Why does your company need a Materials requirement planning system?

Materials requirement planning helps to give visibility into the inventory requirements to meet the demand efficiently. Without a system to track these items, visibility and responsiveness decreases leading to:

  1. Overstocking leads to holding or ordering too much inventory, increasing carrying costs and cash stuck in inventory, reducing liquidity and free cash flow for the company. 
  2. Understocking would lead to stockouts, lost sales, and panic buys leading to higher raw material costs in the long run. 
  3. Disruptions in the production process causing an increase in productions costs and decreased out and capacity utilization. 

Materials Requirement planning helps to:

  1. Reduce in-stock level and release cash tied up in inventory, thereby reducing hold and storage costs. 
  2. Use demand planning to improve procurement cycles to ensure the availability of resources for production 
  3. Minimize disruptions in the production process by providing the right resources at the right time. 

Limitations of an MRP system are:

  1. Incorrect supplier and manufacturing lead times lead to wrong MRP calculations 
  2. It cannot work on unreliable inventory data as it works on garbage in, garbage out systems.
  3. Product structure must be assembly oriented
  4. The success of an MRP system depends on the accuracy of the input data. 

Manufacturing Resource Planning (MRP II)

Manufacturing resource planning builds on the concept of materials requirement planning by integrating materials and inventory management with all dynamic functions such as finance, sales, and human resource management to give you complete control over the manufacturing process. As a result, MRP systems help companies understand operational capabilities, speed up production, and get the product out the door faster and in a more efficient manner. 

While the initial MRP systems mainly focused on materials planning, MRP II systems have much high functionality and help create more helpful forecasts, What If scenarios (sensitivity analysis) and plan more effectively for contingencies. In addition, MRP II systems can handle larger data sets, more variables, and information to aid in more effective decision-making to control costs and become more productive. 

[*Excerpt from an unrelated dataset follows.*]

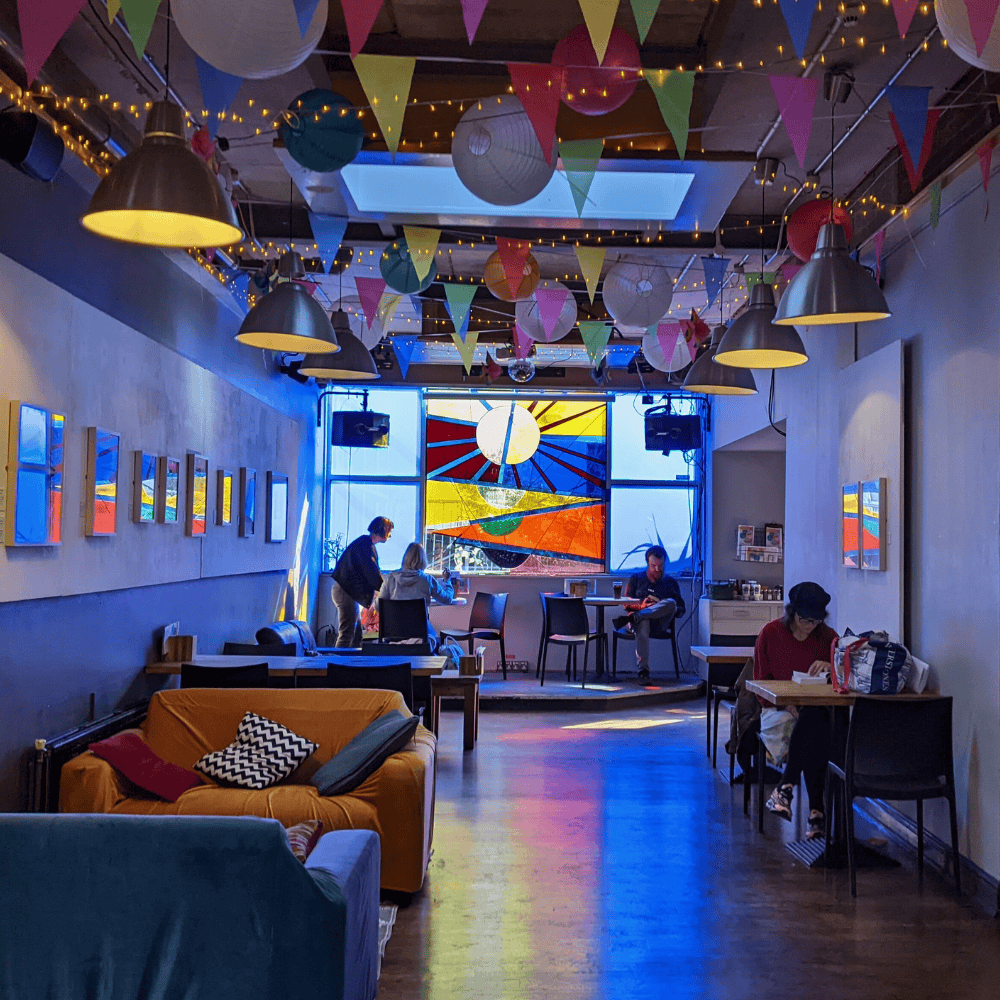 Exeter Phoenix Cafe Bar interior with colourful bunting and string lights on the ceiling. A large stained-glass window (by artist Terry Frost) casts a blue, red and yellow light into the room, while patrons sit on sofas and to small tables.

Manufacturing resource planning can integrate the output from these functions into financial reports, such as the business plan, purchase commitment report, shipping budget, and inventory projections. In addition, this integrated information system speeds up the decision-making process for top management by integrating centralizing and processing information related to the manufacturing process. 

Manufacturing resource planning is especially relevant in industries where there is volatile customer demand, unpredictable customer requirements, and complex product structures.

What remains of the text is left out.